VXLAN, MBGP EVPN with Ingress Replication – Part 1 – Basic Facts, Design Considerations and Security

I found too many reference docs on VXLAN, most of them cover early solutions that do not use MP-BGP EVPN and manage advertisement of BUM traffic (broadcast, unknown unicast and multicast) via multicast. I know people who do not want to run mcast in their network!

Here, I focus on VXLAN with MP-BGP EVPN with ingress replication to manage BUM traffic (VXLAN + MPBGP EVPN + Ingress Replication).

So, What Is “Ingress Replication” Compared To “Multicast” Based VXLAN Solution?

The answer is – ingress replication is called head-end-replication which performs unicast delivery of VXLAN encapsulated packet across remote VTEPs. Unicast replication requires a source VTEP to delivery same data to every single remote VTEPs in “one-to-one” fashion – whereas in multicast a rendezvous point (preferred is PIM-SM RP) defined where all the VTEPs join to receive delivery of VXLAN encapsulated data in “one-to-many” fashion.
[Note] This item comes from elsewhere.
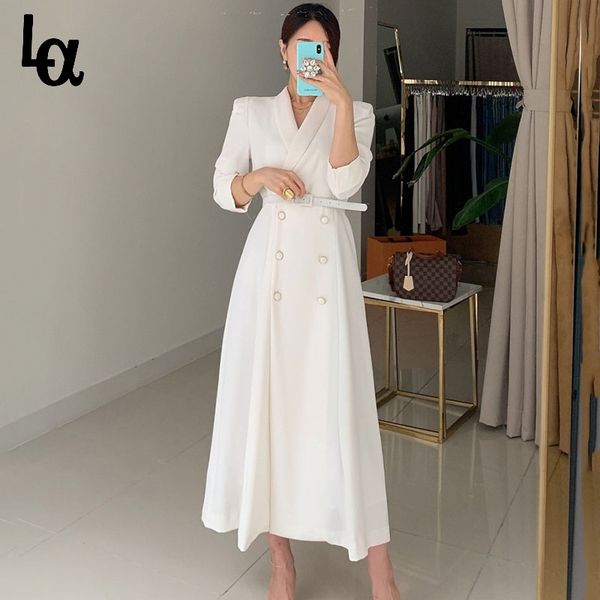 elegant office ladies lapel suit dress double breasted slim waist belted female a-line summer vestidos femme 210519, Black;gray
elegant office ladies lapel suit dress double breasted slim waist belted female a-line summer vestidos femme 210519, Black;gray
Multicast has lower overhead and can provide faster delivery compared to unicast; however, multicast is less secure.

MP-BGP EVPN is the next generation solution becoming widely popular in Data Center networks (VXLAN EVPN) and Service Provider networks (MPLS PBB-EVPN).

My plan is to create following step-by-step reference documents for VXLAN EVPN with ingress replication.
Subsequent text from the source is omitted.